Verdades ditas ao mentir

Logo na primeira estrofe da Balada da Arrasada, de Ângela Ro Ro, descobrimos que a arrasada desconhecia que o destino diz verdades ao mentir. quando se ofereceu inteira e dócil ao fácil seduzir.
E acredito que o que Ângela Ro Ro revela sobre o destino, Jeremias diz do coração – este sem a voz e a poesia daquela, é claro.

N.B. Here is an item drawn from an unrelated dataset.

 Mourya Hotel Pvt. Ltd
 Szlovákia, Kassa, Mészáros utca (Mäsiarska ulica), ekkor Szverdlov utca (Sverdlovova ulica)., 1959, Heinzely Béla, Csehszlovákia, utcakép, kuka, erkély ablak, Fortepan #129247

O coração, segundo Jeremias (que o diz em nome de Deus), é enganador e isto é incurável. E o que engana no coração não é o que ele diz, mas sua incapacidade de distinguir realidade e ilusão, verdade e mentira, aquilo que é ele próprio e aquilo que é o outro. Por isto que ele é enganador (porque não reconhece nada além daquilo que manifesta), por isto que é incurável (porque ele não tem a obrigação de reconhecer nada além daquilo que ele manifesta) e por isto que, como o destino na letra da Balada, diz verdades ao mentir (pois o coração nunca mente, só que o seu ponto de referência pode ser uma ilusão tomada por uma realidade, ou, ainda, uma realidade tomada por uma ilusão).
Isto deixa o coração confuso: é necessário confiar nele, e desconfiar também. Aquilo que ele manifesta é real, mas a causa da manifestação pode ser e pode não ser – possivelmente até ao mesmo tempo, para o desespero de Aristóteles (sob certos aspectos, diga-se).
Não que o coração reconheça esta confusão, mas quem tem o coração é que sabe dela.
No versículo imediatamente posterior, Jeremias ainda diz que Deus esquadrinha o coração e sabe o que se passa lá. E é somente esta ação de Deus em nossos corações que nos leva, e aos nossos corações, a ser origem do bem e do amor, que nos fim das contas era o que nossos corações queriam desde o começo, inclusive o da arrasada da balada.